9th-century Jewish or Christian exegete and Bible critic

Ḥiwi al-Balkhi (9th century) (חיוי אל-בלכי, also Hiwwi or Chivi) was an exegete and Biblical critic of the last quarter of the ninth century born in Balkh, Khorasan (modern Afghanistan). It is not entirely clear whether Hiwi was a Jew, as suggested by Schechter (1901), or whether he was perhaps a member of a gnostic Christian sect (Rosenthal 1948). Some claim that he was a member of the ancient Bukharan Jewish community of Central Asia.

==Criticism of the Bible==
Ḥiwi was the author of a work in which he offered two hundred objections to the divine origin of the Hebrew Bible. Ḥiwi's critical views were widely read, and it is said that his contemporary Saadia Gaon found in Babylonia, in the district of Sura, some schoolmasters who used elementary textbooks which were based upon Ḥiwi's criticisms to teach children. Saadia not only prohibited the use of these books, but combated Ḥiwi's arguments in a work entitled Kitab al-Rudd ala Ḥiwi al-Balkhi. Both Saadia's and Ḥiwi's books are lost.

Ḥiwi's book appears to be one of the most significant contributions to skeptical Jewish literature. Only a few of his objections are preserved, in quotations by other authors. In this way, it became known that Ḥiwi raised the question why God preferred to live among unclean mankind instead of living among the clean angels (Judah ben Barzillai), and why He required sacrifices and showbread if He did not eat them, and candles when He did not need light. Another objection of his was based on the claim that God broke a promise which He had made under oath. All these objections are preserved in Saadia's The Book of Beliefs and Opinions, among twelve other objections of a similar kind, most of which are supposed to have originated with Ḥiwi. They point out several discrepancies in the Scriptures and infer therefrom a non-divine authorship. Ḥiwi even objected to the teaching of the unity of God, and referred to Deuteronomy xxxii. 9. In this case, as in several others, Saadia combats Ḥiwi without mentioning his name.

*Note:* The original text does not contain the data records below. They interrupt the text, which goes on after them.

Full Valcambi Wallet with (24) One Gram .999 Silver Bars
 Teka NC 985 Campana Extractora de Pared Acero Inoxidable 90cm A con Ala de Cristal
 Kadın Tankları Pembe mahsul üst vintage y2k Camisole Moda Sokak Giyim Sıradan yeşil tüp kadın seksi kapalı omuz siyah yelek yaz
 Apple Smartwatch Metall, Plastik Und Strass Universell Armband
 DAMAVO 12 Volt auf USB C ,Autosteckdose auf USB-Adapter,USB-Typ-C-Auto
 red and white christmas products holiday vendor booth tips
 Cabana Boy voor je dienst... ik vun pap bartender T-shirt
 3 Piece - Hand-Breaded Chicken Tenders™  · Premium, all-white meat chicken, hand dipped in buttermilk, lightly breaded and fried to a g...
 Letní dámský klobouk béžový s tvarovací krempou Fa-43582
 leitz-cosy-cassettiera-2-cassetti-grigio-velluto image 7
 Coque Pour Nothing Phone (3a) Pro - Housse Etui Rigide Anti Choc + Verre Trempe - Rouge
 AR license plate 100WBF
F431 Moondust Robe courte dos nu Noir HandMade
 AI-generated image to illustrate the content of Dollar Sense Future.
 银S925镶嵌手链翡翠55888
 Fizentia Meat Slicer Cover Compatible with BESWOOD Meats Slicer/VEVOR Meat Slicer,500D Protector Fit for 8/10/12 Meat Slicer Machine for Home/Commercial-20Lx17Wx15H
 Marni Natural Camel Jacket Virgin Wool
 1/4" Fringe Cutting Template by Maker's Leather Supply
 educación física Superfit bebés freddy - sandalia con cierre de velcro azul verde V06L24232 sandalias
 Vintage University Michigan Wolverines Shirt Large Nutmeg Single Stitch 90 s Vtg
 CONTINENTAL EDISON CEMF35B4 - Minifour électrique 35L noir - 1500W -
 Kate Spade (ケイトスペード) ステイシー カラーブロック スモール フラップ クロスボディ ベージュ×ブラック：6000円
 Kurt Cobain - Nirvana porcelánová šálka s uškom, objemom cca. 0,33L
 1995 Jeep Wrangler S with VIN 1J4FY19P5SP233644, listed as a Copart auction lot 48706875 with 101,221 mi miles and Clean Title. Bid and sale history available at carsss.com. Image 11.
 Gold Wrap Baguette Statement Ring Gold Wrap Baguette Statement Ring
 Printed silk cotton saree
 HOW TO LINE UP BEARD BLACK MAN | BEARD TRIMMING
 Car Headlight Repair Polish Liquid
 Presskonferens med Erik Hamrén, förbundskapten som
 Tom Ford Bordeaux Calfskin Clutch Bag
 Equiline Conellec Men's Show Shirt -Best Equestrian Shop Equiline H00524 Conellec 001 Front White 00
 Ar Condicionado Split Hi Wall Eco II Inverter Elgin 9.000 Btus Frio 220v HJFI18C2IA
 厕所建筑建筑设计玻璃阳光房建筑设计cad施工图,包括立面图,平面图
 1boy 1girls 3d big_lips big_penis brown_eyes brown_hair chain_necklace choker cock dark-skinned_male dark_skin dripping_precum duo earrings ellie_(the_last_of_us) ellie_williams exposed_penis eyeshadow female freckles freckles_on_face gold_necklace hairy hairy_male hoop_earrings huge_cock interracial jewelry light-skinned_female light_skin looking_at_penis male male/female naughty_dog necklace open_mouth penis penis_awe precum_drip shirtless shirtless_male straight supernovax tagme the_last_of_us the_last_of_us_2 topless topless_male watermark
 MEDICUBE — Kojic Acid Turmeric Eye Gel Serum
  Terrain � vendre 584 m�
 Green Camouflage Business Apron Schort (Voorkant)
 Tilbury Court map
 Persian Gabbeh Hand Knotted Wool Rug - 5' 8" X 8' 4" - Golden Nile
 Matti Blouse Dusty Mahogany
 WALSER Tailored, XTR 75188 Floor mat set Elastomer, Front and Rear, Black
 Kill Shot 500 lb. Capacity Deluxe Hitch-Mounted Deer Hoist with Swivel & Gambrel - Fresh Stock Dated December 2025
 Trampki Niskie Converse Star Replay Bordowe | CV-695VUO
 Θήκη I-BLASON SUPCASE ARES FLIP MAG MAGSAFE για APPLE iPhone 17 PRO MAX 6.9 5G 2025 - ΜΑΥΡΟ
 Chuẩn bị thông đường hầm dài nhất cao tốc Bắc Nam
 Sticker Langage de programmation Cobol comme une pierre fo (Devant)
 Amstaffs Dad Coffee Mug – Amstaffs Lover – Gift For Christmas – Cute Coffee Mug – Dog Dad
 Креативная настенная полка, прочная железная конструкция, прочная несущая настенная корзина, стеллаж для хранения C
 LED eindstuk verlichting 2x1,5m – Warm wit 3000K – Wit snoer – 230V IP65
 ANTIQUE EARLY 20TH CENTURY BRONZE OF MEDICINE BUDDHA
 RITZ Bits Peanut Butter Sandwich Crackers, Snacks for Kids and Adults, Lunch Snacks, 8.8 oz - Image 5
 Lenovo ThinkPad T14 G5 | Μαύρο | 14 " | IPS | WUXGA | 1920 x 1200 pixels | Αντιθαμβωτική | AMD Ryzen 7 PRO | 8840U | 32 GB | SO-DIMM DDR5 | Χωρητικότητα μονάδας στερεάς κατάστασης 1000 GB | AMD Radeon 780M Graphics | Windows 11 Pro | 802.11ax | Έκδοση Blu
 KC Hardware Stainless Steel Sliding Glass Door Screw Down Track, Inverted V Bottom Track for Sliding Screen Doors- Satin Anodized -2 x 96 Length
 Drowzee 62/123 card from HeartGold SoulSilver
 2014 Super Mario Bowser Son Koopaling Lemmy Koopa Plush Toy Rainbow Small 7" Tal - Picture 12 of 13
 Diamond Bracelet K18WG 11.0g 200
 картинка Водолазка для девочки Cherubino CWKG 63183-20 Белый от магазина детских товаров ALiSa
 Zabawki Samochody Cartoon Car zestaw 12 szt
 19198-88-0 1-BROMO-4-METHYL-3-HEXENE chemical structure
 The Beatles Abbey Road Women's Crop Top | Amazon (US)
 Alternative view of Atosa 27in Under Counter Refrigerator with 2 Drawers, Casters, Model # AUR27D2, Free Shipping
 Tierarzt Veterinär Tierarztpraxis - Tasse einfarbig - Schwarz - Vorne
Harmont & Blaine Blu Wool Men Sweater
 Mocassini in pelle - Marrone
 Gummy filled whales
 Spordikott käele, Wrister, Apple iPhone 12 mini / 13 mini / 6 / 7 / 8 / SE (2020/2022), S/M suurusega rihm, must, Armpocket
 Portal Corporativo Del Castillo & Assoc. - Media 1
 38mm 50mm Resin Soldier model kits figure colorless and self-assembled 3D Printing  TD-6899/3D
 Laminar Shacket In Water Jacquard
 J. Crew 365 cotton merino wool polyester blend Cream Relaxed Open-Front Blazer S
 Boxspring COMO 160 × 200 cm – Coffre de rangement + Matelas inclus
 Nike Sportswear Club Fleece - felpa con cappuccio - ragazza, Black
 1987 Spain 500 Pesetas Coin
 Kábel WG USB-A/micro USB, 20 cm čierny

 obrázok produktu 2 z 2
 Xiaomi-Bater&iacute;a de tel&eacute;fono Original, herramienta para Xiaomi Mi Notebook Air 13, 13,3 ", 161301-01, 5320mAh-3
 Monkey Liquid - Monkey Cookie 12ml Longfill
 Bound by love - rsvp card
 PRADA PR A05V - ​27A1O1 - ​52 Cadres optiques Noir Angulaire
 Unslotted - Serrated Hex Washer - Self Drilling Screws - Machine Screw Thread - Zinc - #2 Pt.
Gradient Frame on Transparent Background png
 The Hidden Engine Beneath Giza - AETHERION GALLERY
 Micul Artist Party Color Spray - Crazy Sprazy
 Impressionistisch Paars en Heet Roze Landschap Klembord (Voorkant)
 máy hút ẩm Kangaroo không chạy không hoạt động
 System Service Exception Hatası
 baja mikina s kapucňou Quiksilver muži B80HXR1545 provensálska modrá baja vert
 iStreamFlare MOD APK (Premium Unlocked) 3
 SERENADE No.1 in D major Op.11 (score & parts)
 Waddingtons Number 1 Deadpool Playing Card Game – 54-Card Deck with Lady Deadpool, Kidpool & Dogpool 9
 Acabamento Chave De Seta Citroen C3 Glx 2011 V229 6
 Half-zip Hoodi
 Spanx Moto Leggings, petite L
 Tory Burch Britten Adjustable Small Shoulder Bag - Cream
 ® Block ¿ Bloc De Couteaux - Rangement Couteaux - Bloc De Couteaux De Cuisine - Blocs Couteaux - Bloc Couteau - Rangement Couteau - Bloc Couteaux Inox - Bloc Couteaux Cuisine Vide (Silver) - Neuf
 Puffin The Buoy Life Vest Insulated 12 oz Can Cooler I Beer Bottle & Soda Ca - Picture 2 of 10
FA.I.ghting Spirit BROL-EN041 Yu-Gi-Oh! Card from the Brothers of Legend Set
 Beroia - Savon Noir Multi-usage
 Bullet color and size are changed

Some others of Ḥiwi's views are preserved in Abraham ibn Ezra's commentary on the Torah. Ḥiwi explained the passing of the Israelites through the Red Sea by the natural phenomenon of the ebb-tide and the phrase in Exodus 34:29, "[Moses] was not aware that the skin of his face was radiant" (לֹֽא־יָדַ֗ע כִּ֥י קָרַ֛ן ע֥וֹר פָּנָ֖יו), he explained as referring to the dryness of his skin as a consequence of long fasting (see ibn Ezra on the passage in Exodus). Ḥiwi further explained manna as a naturally occurring phenomenon (Ibn Ezra to Exodus 16:13).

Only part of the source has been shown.